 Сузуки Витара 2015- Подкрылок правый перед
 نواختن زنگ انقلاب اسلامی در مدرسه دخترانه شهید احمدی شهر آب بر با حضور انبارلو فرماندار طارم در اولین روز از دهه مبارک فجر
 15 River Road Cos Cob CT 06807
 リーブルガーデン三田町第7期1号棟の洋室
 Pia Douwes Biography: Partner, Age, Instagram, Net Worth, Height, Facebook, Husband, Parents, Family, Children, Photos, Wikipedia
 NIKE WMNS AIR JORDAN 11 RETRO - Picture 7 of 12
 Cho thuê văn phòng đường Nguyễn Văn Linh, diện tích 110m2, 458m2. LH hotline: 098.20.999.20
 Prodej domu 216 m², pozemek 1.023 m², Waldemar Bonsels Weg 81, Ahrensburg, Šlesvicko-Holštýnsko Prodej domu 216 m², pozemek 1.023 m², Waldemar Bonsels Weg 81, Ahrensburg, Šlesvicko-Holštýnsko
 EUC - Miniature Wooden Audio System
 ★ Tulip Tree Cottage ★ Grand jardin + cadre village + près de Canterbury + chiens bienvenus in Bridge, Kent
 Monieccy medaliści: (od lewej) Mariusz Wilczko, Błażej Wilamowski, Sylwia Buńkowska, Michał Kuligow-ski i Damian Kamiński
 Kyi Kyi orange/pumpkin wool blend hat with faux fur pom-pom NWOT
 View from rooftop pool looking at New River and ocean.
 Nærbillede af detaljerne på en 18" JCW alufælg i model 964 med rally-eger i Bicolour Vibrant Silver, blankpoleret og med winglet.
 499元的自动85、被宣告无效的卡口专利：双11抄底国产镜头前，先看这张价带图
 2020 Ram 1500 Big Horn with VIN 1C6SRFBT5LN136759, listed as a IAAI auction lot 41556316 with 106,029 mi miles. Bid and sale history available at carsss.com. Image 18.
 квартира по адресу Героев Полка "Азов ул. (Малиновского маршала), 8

====================

▶ Exercise goal
From the line holding "Monieccy medaliści: (od" down to the final line above, copy each line exactly, and leave out everything before it.

▶ Finished exercise
 Monieccy medaliści: (od lewej) Mariusz Wilczko, Błażej Wilamowski, Sylwia Buńkowska, Michał Kuligow-ski i Damian Kamiński
 Kyi Kyi orange/pumpkin wool blend hat with faux fur pom-pom NWOT
 View from rooftop pool looking at New River and ocean.
 Nærbillede af detaljerne på en 18" JCW alufælg i model 964 med rally-eger i Bicolour Vibrant Silver, blankpoleret og med winglet.
 499元的自动85、被宣告无效的卡口专利：双11抄底国产镜头前，先看这张价带图
 2020 Ram 1500 Big Horn with VIN 1C6SRFBT5LN136759, listed as a IAAI auction lot 41556316 with 106,029 mi miles. Bid and sale history available at carsss.com. Image 18.
 квартира по адресу Героев Полка "Азов ул. (Малиновского маршала), 8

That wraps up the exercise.